New men’s basketball head coach brings energy, new strategy to a youthful Lancers team
New head men’s basketball coach Jayson Gee is bringing a new energy to the Lancers — and he’s expecting the team to follow his lead. Gee wants Lancer Nation to be prepared for PACE: pressure, attack, compete and energize. “We want to get out in transition and score early,” he said. “The most difficult way to score is against a set defense. We want to take the first available good shot.”
Don’t expect the new-look Lancers to focus only on putting points on the board: In his seven years as an assistant coach at Cleveland State, Gee helped lead a squad that was known for its stingy defense. He’ll bring that same focus to Longwood. “My focus right now is defense,” he said. “I want to get [opposing] teams to shoot 44 percent or below. That is a goal we have to get to the first year.” Last season, Longwood’s opponents shot about 48 percent from the field. He has a firm foundation in shooting guard Tristan Carey — who averaged a team-high 15.6 points per game — and point guard Lucas Woodhouse, who led the team with 180 assists.
‘We are going to be a defensive-minded and pressure team. We are going to be in your face and aggressive.’
Men’s head basketball coach Jayson Gee
Gee, who played basketball at the University of Charleston, began his coaching career at Cleveland State as an assistant to coach Gary Waters. He taught me the value of defense,” said Gee. “Get guys who will compete and play hard. “We are going to be a defensive-minded and pressure team. We are going to be in your face and aggressive.”
The X’s and O’s of coaching were hard-fought lessons, but serendipity spurred Gee’s initial interest in coaching. On a college break, he stopped by his high-school alma mater to catch up with his former coach, Wayne Wiseman, who was at basketball practice. Wiseman asked Gee if he’d like to put the players through a drill, which led to Gee sitting on the bench for the next game. “That high that I felt was euphoria,” said Gee, adding that the experience drastically altered his career path. “I thought I was going to be a lawyer, but I returned to school and changed my major to education”— with coaching as his ultimate goal. The relationship with Wiseman has continued as Gee has developed into a Division I coach — Gee has called him every Father’s Day since he left high school.

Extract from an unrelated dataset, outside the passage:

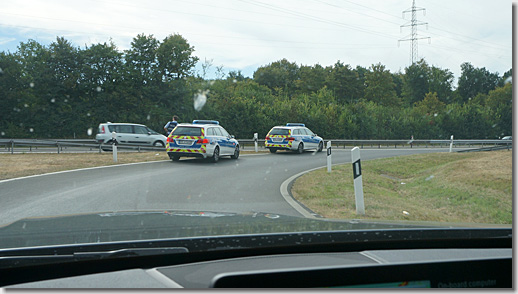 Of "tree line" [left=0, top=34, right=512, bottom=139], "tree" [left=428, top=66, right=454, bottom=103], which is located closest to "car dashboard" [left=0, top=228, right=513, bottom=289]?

“He decided what he wanted to do and what his goal was, and did everything in his power to reach that goal,” said Wiseman. “He’s just a tremendous kid. After 32 years of coaching, he is probably the closest kid I had who was like an assistant coach on the floor.” Ritchie McKay, associate head coach at the University of Virginia and a good friend of Gee’s, said Longwood fans will see a team that plays with energy. “What I remember about Jayson is he always had a smile and was a relentless worker,” said McKay, who met Gee on the recruiting trail. “It seemed like no matter where I showed up, he was there. I can’t tell you how excited I was when he said he had interest in the Longwood job.”